As with bankruptcies, currency collapse tends to happen slowly then all at once. “But this time is different” is only true until it suddenly isn’t any more.
“better to start demolishing the Jenga tower yourself before it collapses on top of you.”
Thats the thing, I think any attempt at reform (or controlled demolition in our analogy) precipitates as bad if not worse a catastrophe than just letting things meander on to an inevitable crisis. Not least because of what BoM4 says, this is not an economic only crisis, its a social one too. Our society is not resilient enough to deal with any serious hardship now. There is no fat, no backbone. Everything is pared to the wire, no-one has a plan B if the SHTF. Add in to the mix our ‘diversity’ which will prove to be a problem – ethnically diverse societies do not deal well with societal level problems, there is no cohesion. You are never going to get the degree of unanimity across society as to the task ahead and what is required to be endured.

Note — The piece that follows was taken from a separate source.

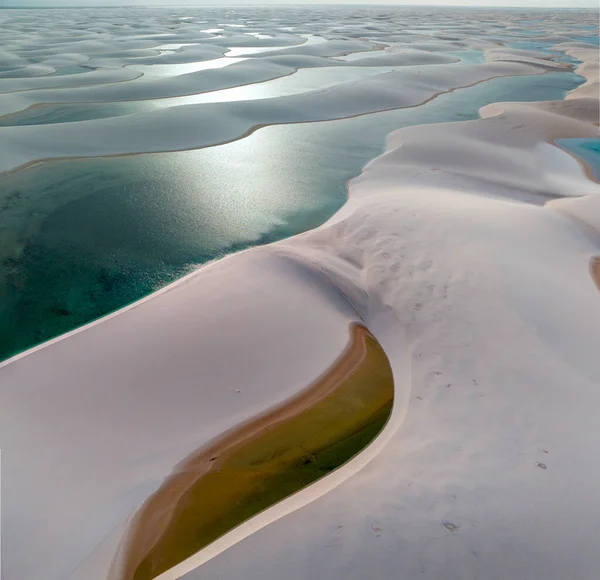Veduta Aerea Lencois Maranhenses Dune Sabbia Bianca Con Piscine Acqua — Foto Stock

It would all just splinter into competing groups very rapidly.
As I see it, anything that precipitates a serious economic crisis (a proper one, ie 10-20% fall in GDP) would then trigger an even greater social crisis, which would then trigger massive demands for ‘the government to do something’ (as in the rise in energy prices) and that is turn means more and more authoritarian and socialist type ‘solutions’ which in turn ultimately make things ever worse again.
Controlled demolition and reset is possible, but not in a democracy I fear.

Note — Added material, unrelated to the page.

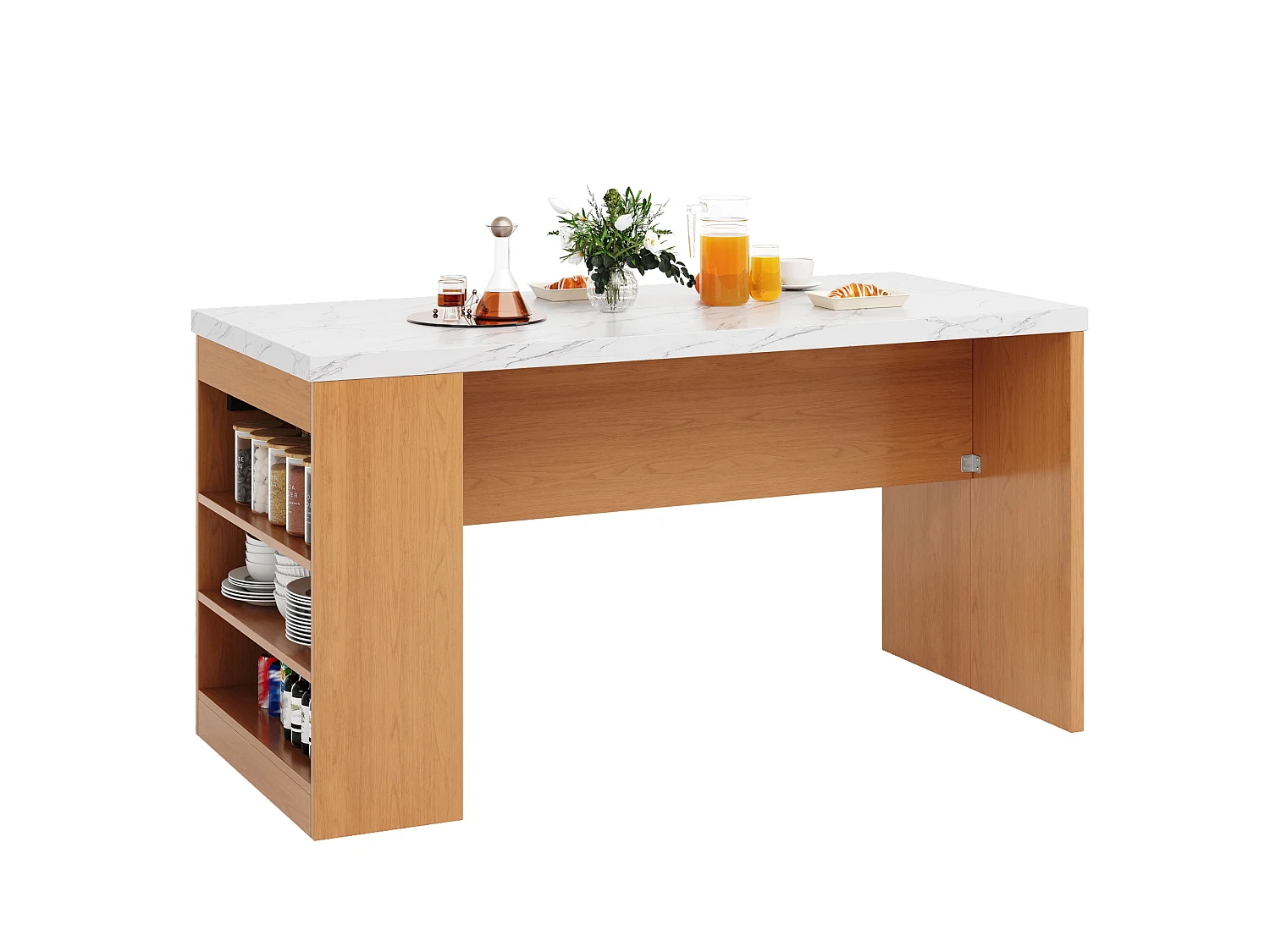 Îlot de cuisine avec LED, prises USB et étagères - Plateau effet marbre - Blanc et bois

Abolish the Barnett Formula.
I’m not all that worried about the size of the savings, just do it.
Sack every one in any govt department, the NHS, councils etc with the words ‘diversity’ or ‘climate’ in their title. And all the people who report to them.
Simple.
Oh and what @ John said…
“Abolish the Barnett Formula.
I’m not all that worried about the size of the savings, just do it.”
Gawd, today I’ve just recreated a user account for a “Regional Diversity, Inclusion and Participation Manager”.

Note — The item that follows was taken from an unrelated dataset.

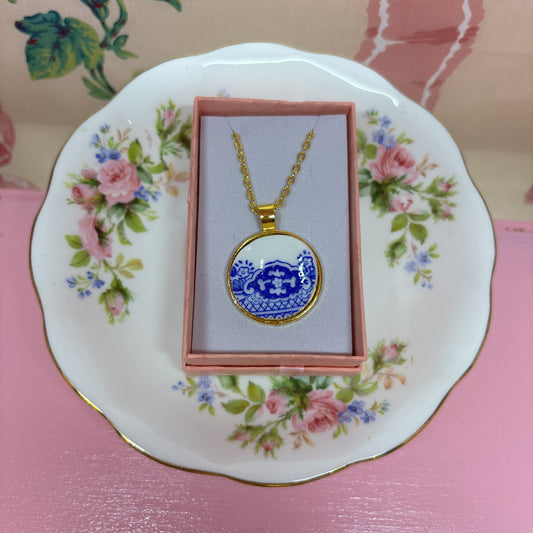 Gilded Blue Willow Necklace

Not somebody who implements Regional Diversity, Inclusion and Participation, but somebody who manages them. That’s how far the rot has set.
Lions!
@Jim
Yes the economy is like a tower of Jenga blocks. And yet it is usually possible to gently remove the ‘easy’ blocks if you have steady hands *and* pay no attention to the crowd around you – who want to see you fail.
Perhaps Truss has the right idea about changing the Jenga stack. Maybe yes, maybe no. But the naysayers come out in force when anybody tries something that might make a difference.
“Yes the economy is like a tower of Jenga blocks. And yet it is usually possible to gently remove the ‘easy’ blocks if you have steady hands *and* pay no attention to the crowd around you – who want to see you fail.”
The easy bricks are long gone. We have a pile teetering on the edge of disaster. And touching any of them will precipitate a cascade that may bring the entire edifice down.
There are ways out, but there is no political will to take then, nor any democratic will to demand them. Everyone wants the easy option, which of course is why we are where we are.
“Reagan was focussed on defeating Communism”: a few years ago I came across an account that said he wasn’t. What he wanted to do was end the Cold War and get rid of MAD which he thought was a dangerous and wicked doctrine.
As it turned out he actually did win the Cold War. Good for him. But his original aim was more modest and must have seemed more practical.
Give the blob 20 billion, it disappears without trace at no benefit to the taxpayer whatsoever. Ask them for it back and that will trigger the end of civilization as we know it. Are we really expected to swallow this bollocks every single time? Unwinding a decades increase will stop the system from functioning? Then how come it functioned ten years ago?